(DATASET ENTRIES Opens)
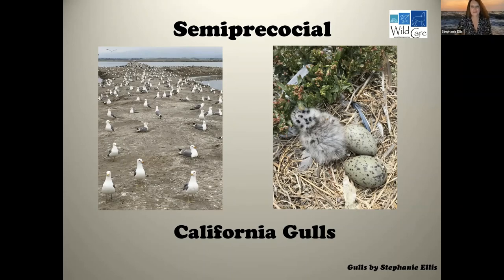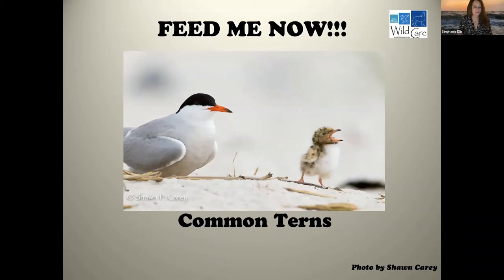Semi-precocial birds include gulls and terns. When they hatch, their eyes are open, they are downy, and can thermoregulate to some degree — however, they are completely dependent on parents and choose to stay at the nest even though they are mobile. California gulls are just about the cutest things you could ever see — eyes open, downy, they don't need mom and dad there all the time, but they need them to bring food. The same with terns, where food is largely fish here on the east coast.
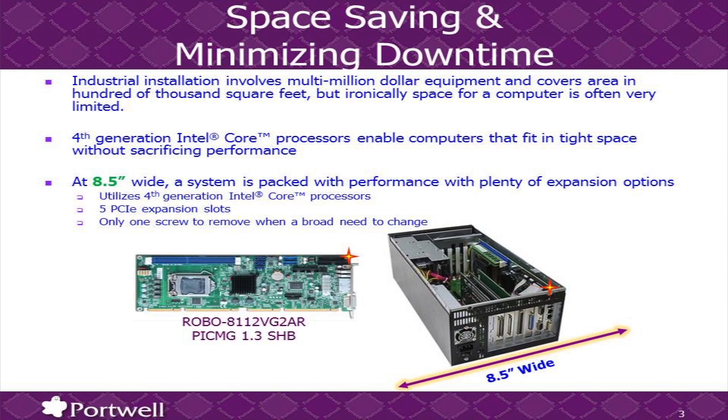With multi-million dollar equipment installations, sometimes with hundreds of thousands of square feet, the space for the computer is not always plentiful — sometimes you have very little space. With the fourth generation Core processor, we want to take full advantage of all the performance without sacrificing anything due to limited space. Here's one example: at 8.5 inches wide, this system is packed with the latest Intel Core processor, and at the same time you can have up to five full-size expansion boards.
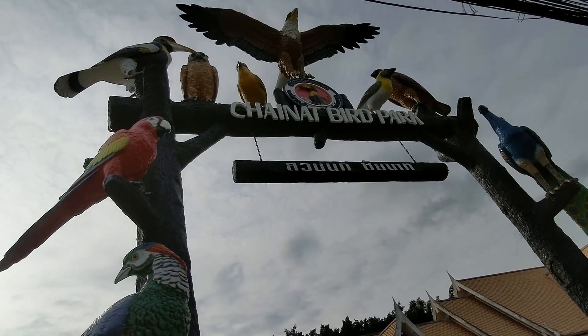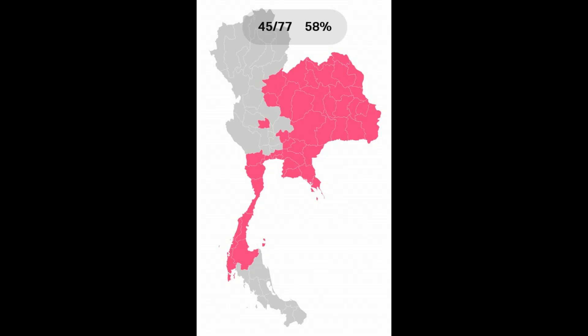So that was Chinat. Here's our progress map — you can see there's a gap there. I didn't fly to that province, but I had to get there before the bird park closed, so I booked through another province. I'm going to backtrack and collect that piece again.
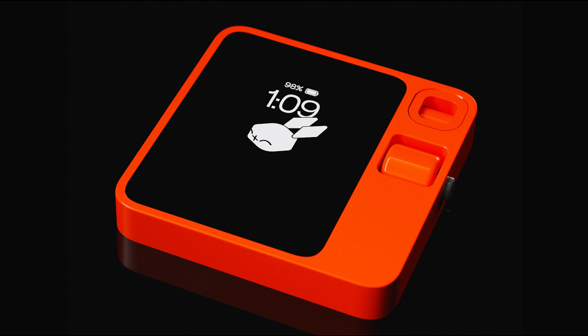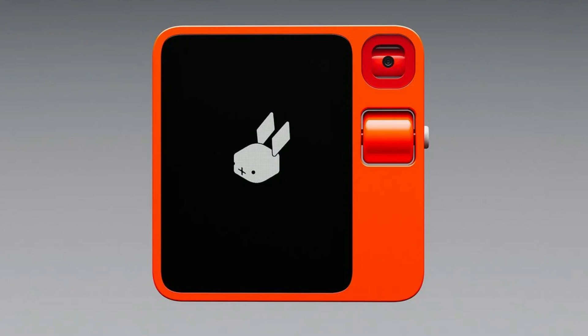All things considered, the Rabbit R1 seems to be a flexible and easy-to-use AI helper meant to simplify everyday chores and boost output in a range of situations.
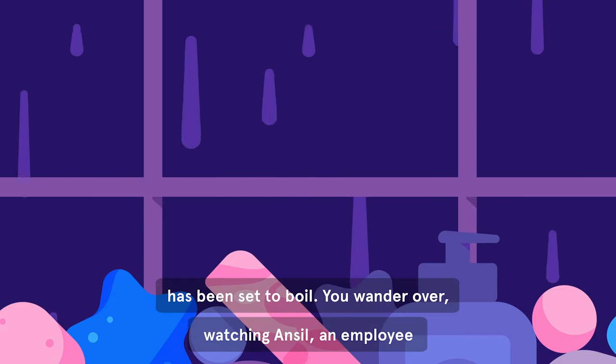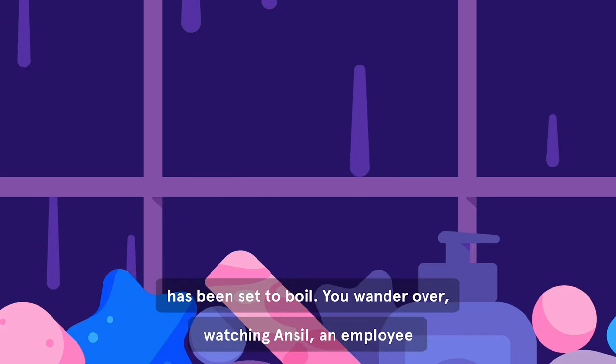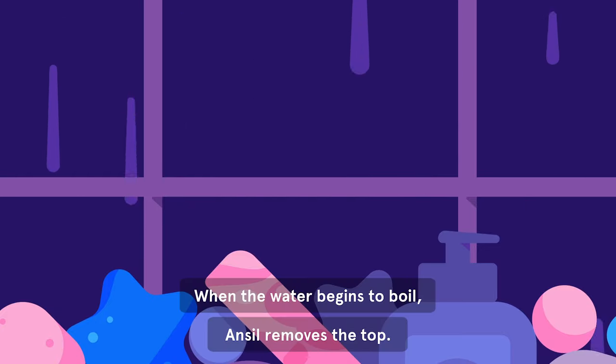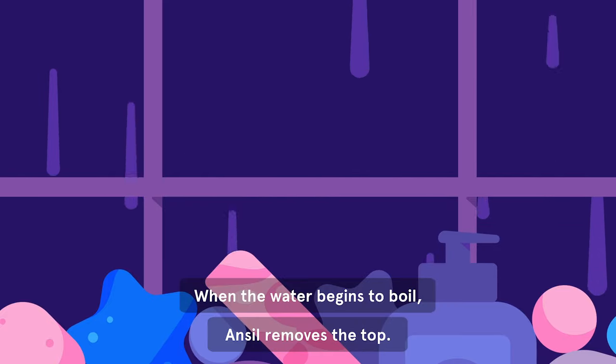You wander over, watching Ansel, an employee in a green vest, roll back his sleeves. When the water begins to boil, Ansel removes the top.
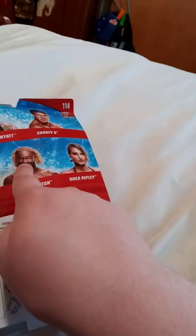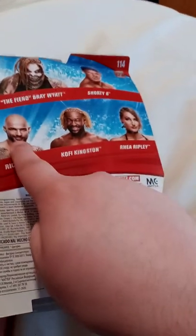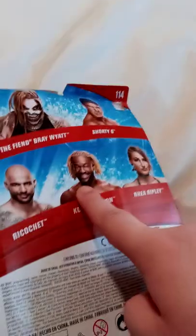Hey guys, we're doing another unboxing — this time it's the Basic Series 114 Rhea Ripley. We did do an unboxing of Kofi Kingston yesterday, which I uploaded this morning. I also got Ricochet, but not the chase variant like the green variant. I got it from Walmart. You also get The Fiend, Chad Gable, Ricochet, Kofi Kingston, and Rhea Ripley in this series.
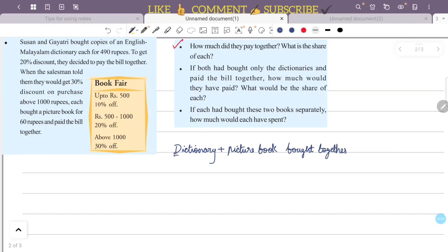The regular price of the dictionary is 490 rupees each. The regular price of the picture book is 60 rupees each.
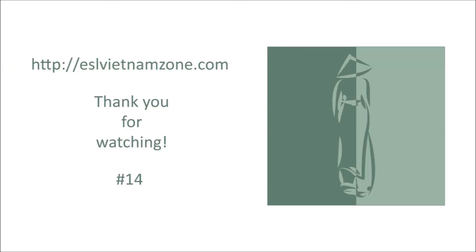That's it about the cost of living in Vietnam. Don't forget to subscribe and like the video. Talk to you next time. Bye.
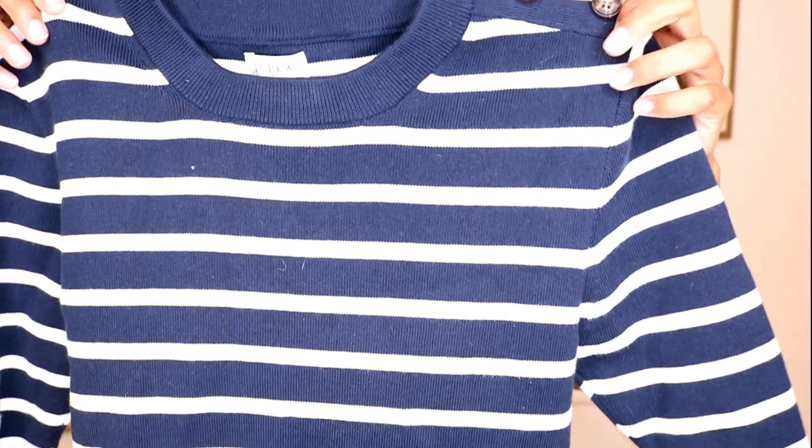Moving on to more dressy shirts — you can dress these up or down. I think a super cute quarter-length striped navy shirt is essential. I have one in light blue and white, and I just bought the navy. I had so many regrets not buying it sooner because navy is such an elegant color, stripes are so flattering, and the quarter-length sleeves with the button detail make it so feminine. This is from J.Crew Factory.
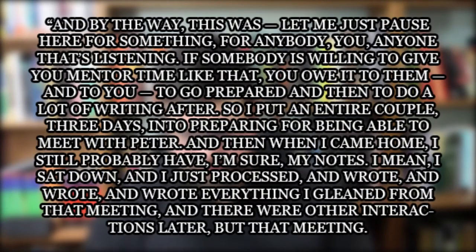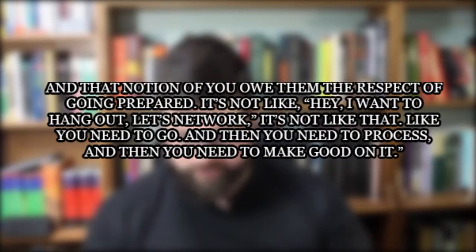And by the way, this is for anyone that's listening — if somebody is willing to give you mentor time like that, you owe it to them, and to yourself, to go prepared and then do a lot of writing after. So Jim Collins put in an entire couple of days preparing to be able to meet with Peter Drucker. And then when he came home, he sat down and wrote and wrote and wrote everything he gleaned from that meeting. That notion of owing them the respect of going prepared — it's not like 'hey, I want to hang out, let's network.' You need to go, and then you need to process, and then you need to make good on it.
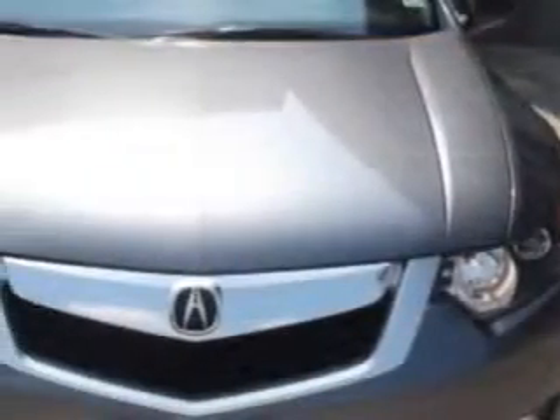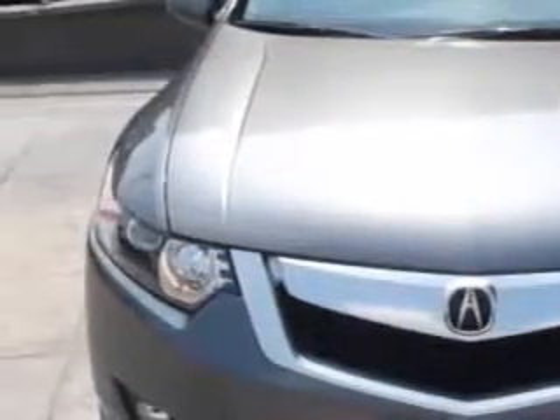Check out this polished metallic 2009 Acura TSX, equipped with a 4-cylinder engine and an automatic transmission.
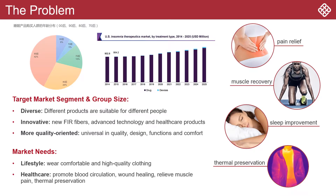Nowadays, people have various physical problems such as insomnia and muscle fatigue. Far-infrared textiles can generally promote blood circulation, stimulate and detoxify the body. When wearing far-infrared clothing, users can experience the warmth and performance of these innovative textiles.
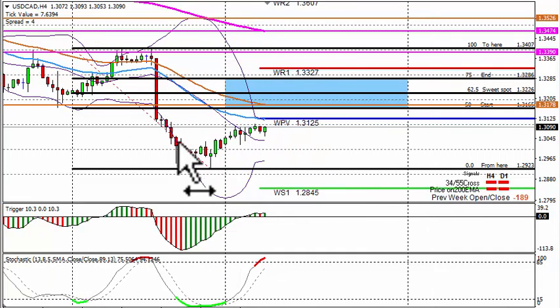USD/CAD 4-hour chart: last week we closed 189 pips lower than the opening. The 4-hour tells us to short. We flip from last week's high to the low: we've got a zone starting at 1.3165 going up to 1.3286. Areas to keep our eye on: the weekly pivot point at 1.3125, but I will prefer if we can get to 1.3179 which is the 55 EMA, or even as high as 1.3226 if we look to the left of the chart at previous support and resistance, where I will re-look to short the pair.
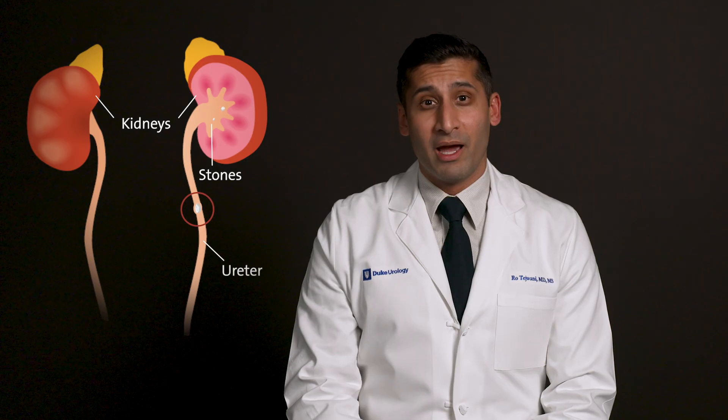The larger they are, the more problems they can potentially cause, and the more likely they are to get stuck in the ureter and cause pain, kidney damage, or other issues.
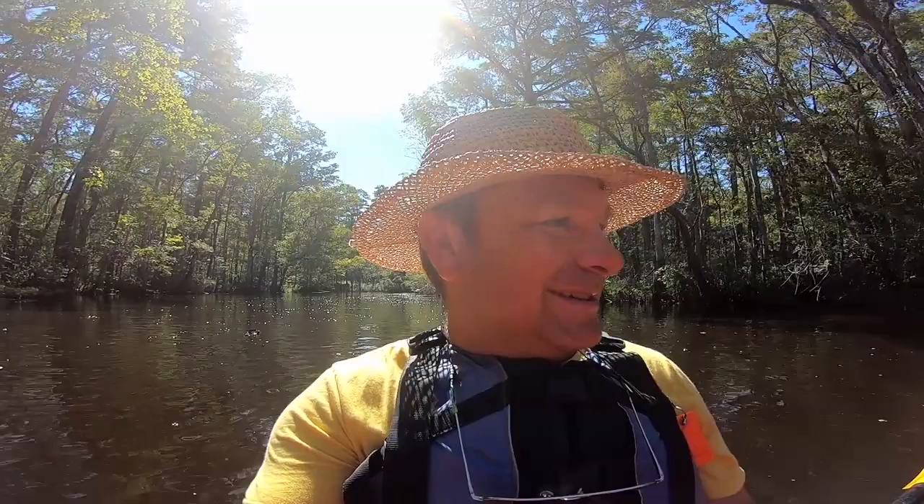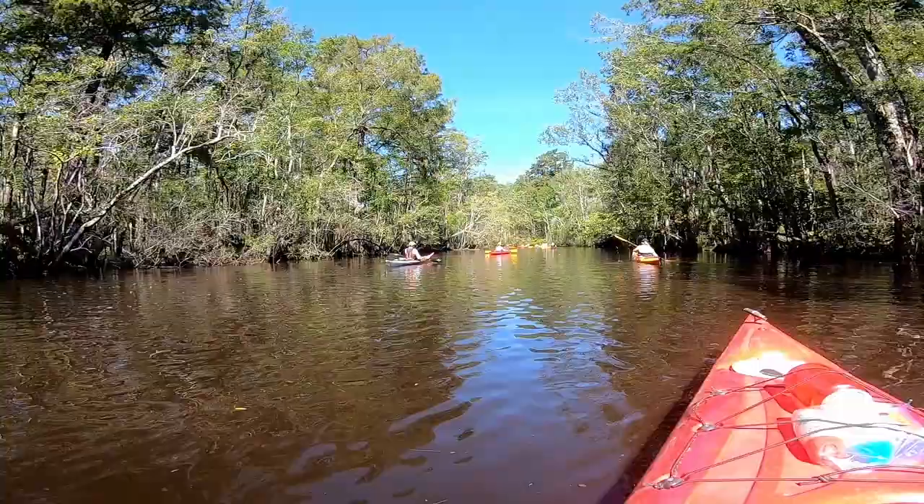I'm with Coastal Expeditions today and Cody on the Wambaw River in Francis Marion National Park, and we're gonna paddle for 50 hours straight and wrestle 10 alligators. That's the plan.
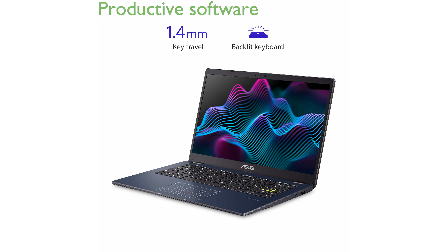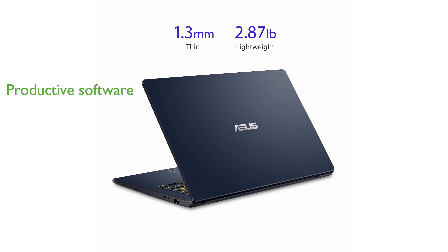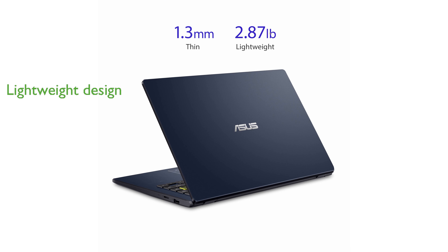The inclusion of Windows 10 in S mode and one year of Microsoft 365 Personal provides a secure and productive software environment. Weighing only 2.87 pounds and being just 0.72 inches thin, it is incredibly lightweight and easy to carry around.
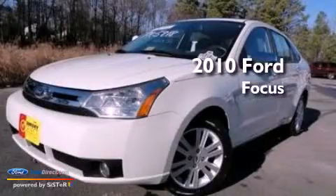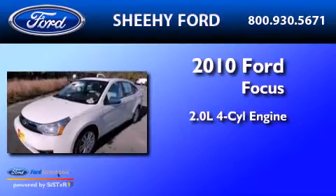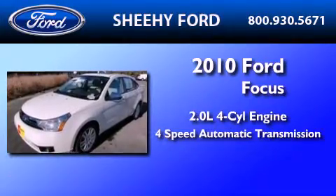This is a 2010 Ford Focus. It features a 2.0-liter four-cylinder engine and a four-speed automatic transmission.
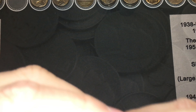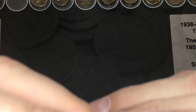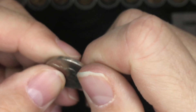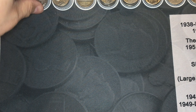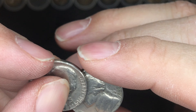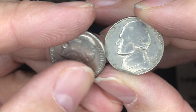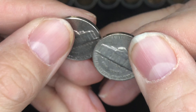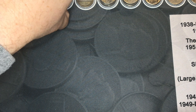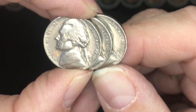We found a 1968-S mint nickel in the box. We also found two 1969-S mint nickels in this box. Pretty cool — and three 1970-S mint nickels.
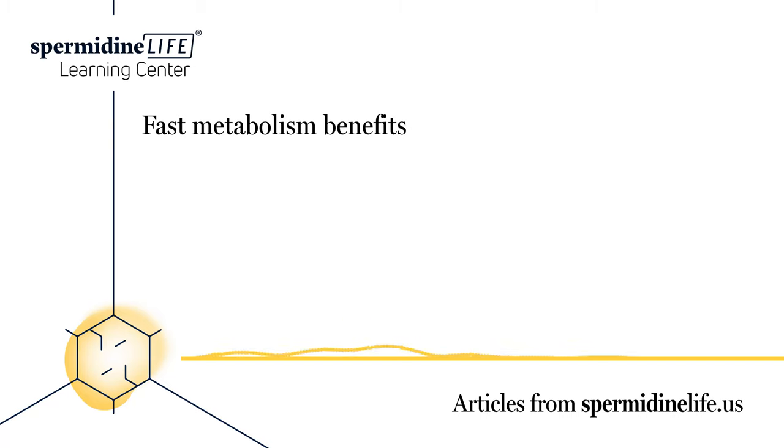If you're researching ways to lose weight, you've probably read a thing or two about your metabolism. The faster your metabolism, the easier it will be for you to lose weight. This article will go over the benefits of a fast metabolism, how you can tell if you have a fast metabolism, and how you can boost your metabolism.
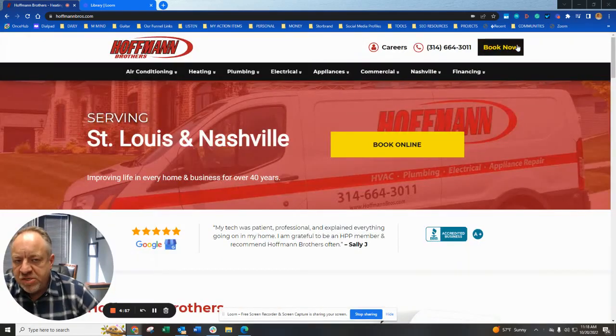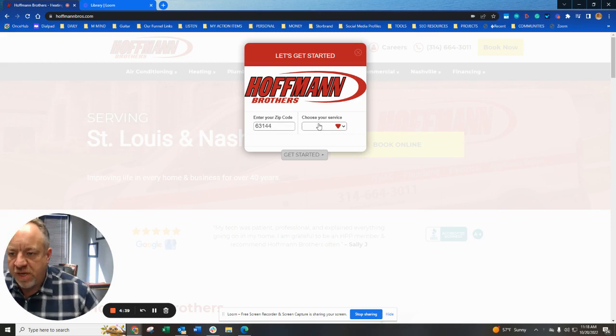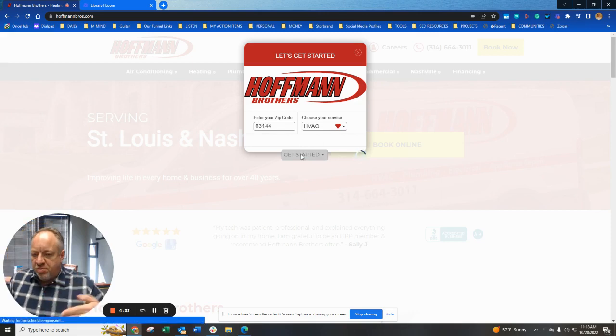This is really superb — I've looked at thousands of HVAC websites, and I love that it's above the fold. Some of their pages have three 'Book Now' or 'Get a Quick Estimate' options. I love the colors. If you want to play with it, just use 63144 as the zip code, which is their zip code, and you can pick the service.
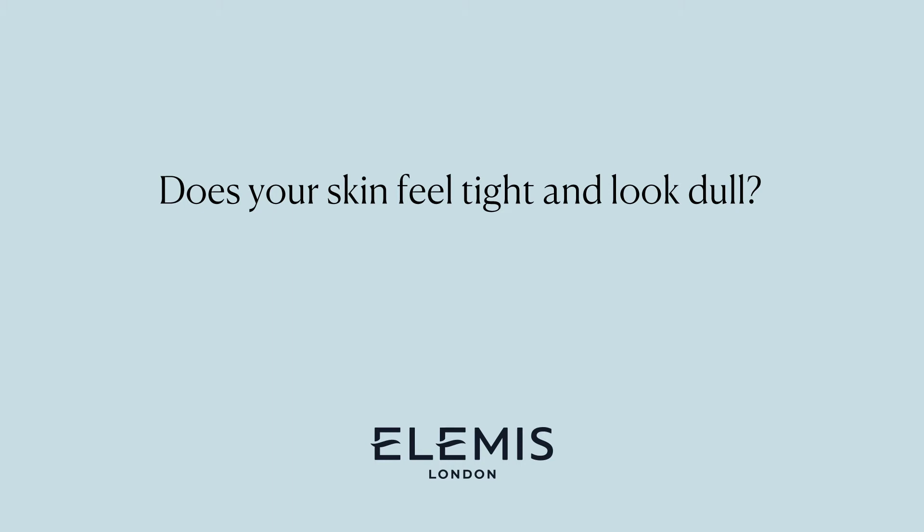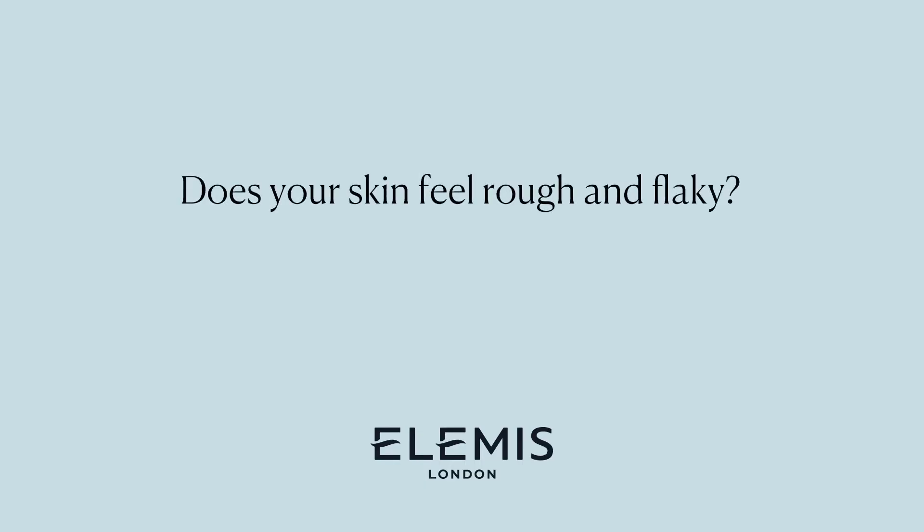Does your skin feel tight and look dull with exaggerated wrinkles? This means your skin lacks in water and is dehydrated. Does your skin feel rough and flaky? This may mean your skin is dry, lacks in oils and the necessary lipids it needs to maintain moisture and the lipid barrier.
(DATASET ENTRIES Closes)
YOUR TASK: What you return must match the lines above from the one with "This is a 2010" through the one with "We found a 1968-S" exactly, with both ends included and the pictures excluded.

YOUR SOLUTION:
This is a 2010 Ford Focus. It features a 2.0-liter four-cylinder engine and a four-speed automatic transmission.
We found a 1968-S mint nickel in the box. We also found two 1969-S mint nickels in this box. Pretty cool — and three 1970-S mint nickels.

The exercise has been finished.